Synack integrates crowdsourced human intelligence and AI for “smart” security testing

The debate on how we should best use Artificial Intelligence is ongoing, but no one can argue against its benefits when used to augment human work. Take self-driving cars: when Artificial Intelligence is used alongside humans, it provides features like improved safety and predictive driving.

The same is true in cybersecurity; we will always need the creativity of human intelligence to beat the human adversary. However, we can also augment those humans with smart technology to help make them more effective, cover a wider attack surface, and speed up their time to find and fix vulnerabilities.

Synack, the trusted leader in crowdsourced security, has just launched the industry’s first cybersecurity platform to integrate crowdsourced human intelligence augmented with artificial intelligence to help security teams work smarter, not harder, to protect digital assets continuously and at scale.

The impact? Intelligence that helps security teams find and fix vulnerabilities faster and build more secure code.

“While humans can’t scale, machines can’t think. More than 80% of the vulnerabilities that our Synack Red Team find in our clients’ assets aren’t detected by a scanner. We will always need the creativity of human intelligence. But to scale at the pace of the threats, we need to automate wherever possible and keep building technology to test ‘smarter’,” Dr. Mark Kuhr, Synack CTO and co-founder said.

Synack’s industry-leading cybersecurity Platform 2.0 delivers a smarter, more efficient security test through the use of smart platform technology and new product, SmartScan. Together, the platform’s new features and advanced technology seamlessly orchestrate the optimal combination of human and machine intelligence for more effective, efficient security on a 24/7/365 basis.

SmartScan helps security teams increase their attack surface coverage and gain new insight by continuously scanning for suspected vulnerabilities and engaging the company’s crowdsourced network of ethical hackers to validate them.

The augmented intelligence offered by Synack’s “smart” Crowdsourced Security Platform, if applied to all penetration testing, would add 4x more efficiency to security teams.
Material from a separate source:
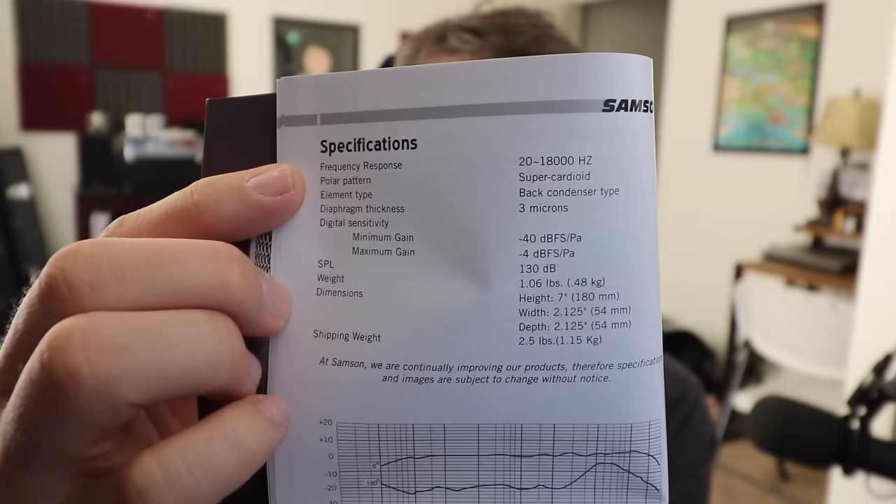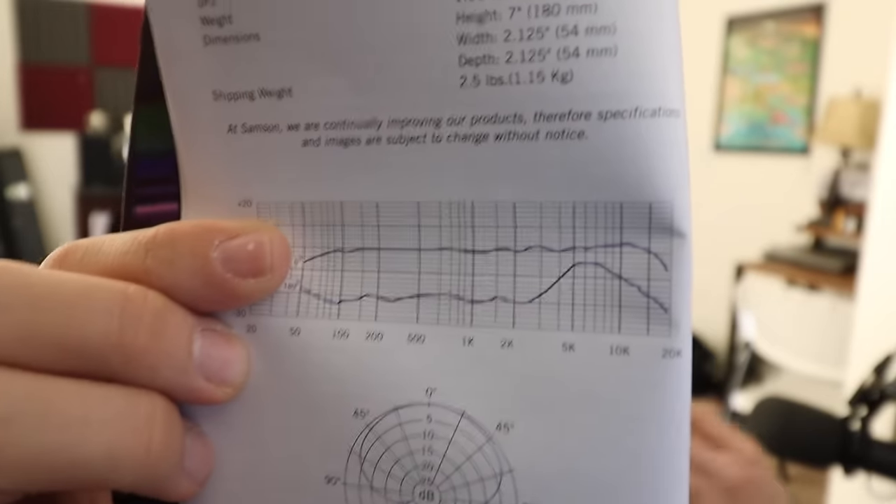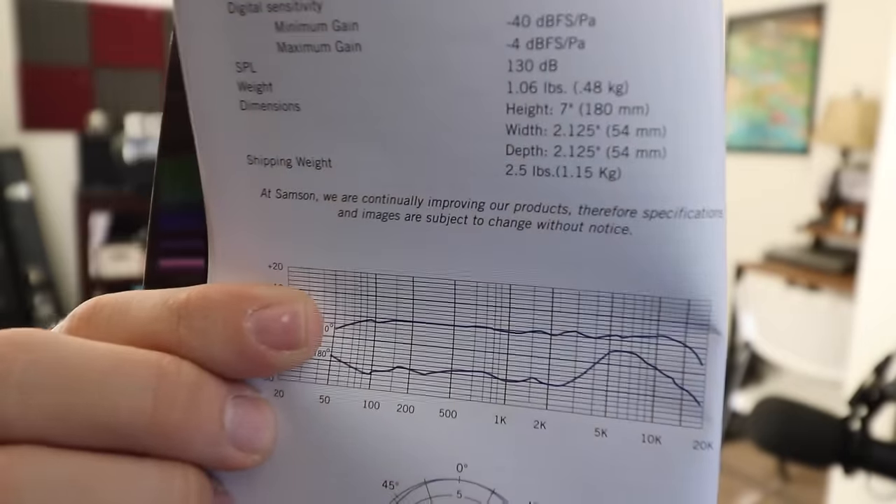Now let's look at the specs. The mic's frequency response is 20 Hz to 18 kHz, which is perfectly fine — we do lose a little presence in the 19 and 20 kHz range, but we're not missing out on much. The polar pattern is super cardioid, meaning the majority of audio picked up is right in front of it, but it does pick up a little bit directly behind as well. The front frequency response is relatively flat, while the response at the back is mainly around 2 kHz to 15 kHz, so audio from the back is really just for room noise, ambience, and reverb.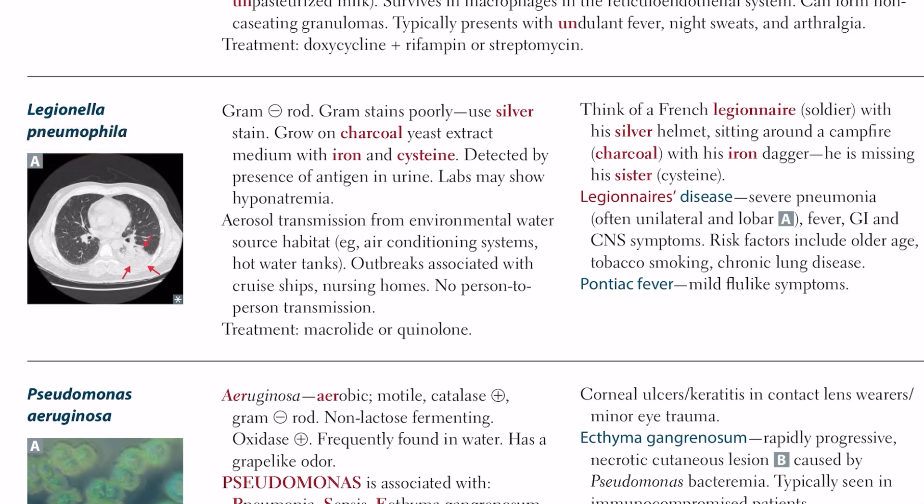Transmission happens via aerosol from environmental water source habitat. Importantly, there is no person-to-person transmission.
Additional benefits of Synack’s Crowdsourced Security Platform to security teams include:

• Noise Reduction: 99.98% of total noise is reduced by leveraging Synack SmartScan in combination with Synack Red Team crowdsourced vulnerability triage and patch verification services.
• Higher Value: The latest version of Synack’s platform with augmented intelligence increases the ROI of Synack’s original offering by over 50%. Customers will see a 159% ROI with the Synack Crowdsourced Security Platform in comparison to a traditional penetration test. And if comparing the Synack platform to a traditional scanner, they will get a 262% ROI. If deployed universally across application security testing, SmartScan would add ~$3B in security value back to the market.

In addition to SmartScan, Synack’s Crowdsourced Security Platform 2.0 includes other new and enhanced features; Apollo, a machine learning and automation engine that optimizes the integration of humans and technology, superior analytics and reporting, and LaunchPoint+, a secure testing gateway with added researcher endpoint control and enhanced workspaces to support privacy for highly regulated environments.

Synack Red Team researchers said they were “happy with the [LaunchPoint+] concept”, “a fan of the increased bandwidth”, and could “definitely see myself using this a lot” in response to Synack launching the only crowdsourced security testing with endpoint control baked into the platform.